Benefits of robust CS SSI surveillance
Engaging with CS SSI surveillance and prevention work is beneficial for mothers who can focus more on looking after their babies and full recovery rather than looking after infected wounds. Furthermore, high SSI rates inevitably result in other poor patient outcomes and significant financial burden to health care organisations. Given the state of the global economy, there is no doubt that most healthcare organisations will start to feel (if not already feeling it) the financial squeeze caused by deleterious effects of this COVID-19 pandemic in due course. Whilst everyone is still in that fluid or change mode, it may be a good opportunity to adopt a whole health economy approach and make lasting positive changes. Creating a seamless surgical pathway from pre-assessment-hospital-community care and review post-surgery whilst incorporating SSI surveillance and prevention measures within already existing governance structures or proposed new surgical pathways is desirable.
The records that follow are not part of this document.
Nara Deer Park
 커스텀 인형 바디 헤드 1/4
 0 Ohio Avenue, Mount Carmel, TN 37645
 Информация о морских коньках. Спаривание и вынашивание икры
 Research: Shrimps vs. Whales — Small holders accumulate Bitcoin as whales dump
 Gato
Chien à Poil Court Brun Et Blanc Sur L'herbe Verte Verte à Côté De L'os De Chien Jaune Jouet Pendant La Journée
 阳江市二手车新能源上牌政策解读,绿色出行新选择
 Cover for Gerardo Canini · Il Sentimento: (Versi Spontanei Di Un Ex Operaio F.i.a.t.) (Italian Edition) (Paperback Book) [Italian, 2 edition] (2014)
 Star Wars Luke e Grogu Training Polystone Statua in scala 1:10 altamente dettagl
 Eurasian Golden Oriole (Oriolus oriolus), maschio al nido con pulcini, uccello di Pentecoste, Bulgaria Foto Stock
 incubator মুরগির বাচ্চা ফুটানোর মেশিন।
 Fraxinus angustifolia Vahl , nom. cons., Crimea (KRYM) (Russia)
Although this may seem like a costly intervention, prior work suggests that the National Health Service may be losing millions of pounds annually through extended length of stay, readmissions etc. when patients develop SSIs.
Exciting times ahead
COVID-19 brought about sadness and numerous changes in healthcare but has certainly not changed our desire to continually improve patient safety and experience / continually improve the quality of services provided to all our patients. I am therefore excited and look forward to embracing this moment of considerable change for the good. I will continue the exciting infection prevention SSI prevention and other quality improvement or patient safety work with colleagues in my organisation as well as collaborating with other organisations in the United Kingdom and globally. I hope that through these collaborative working partnerships, all mothers, babies, families, organisations and commissioners can benefit from a robust model of CS SSI surveillance and prevention.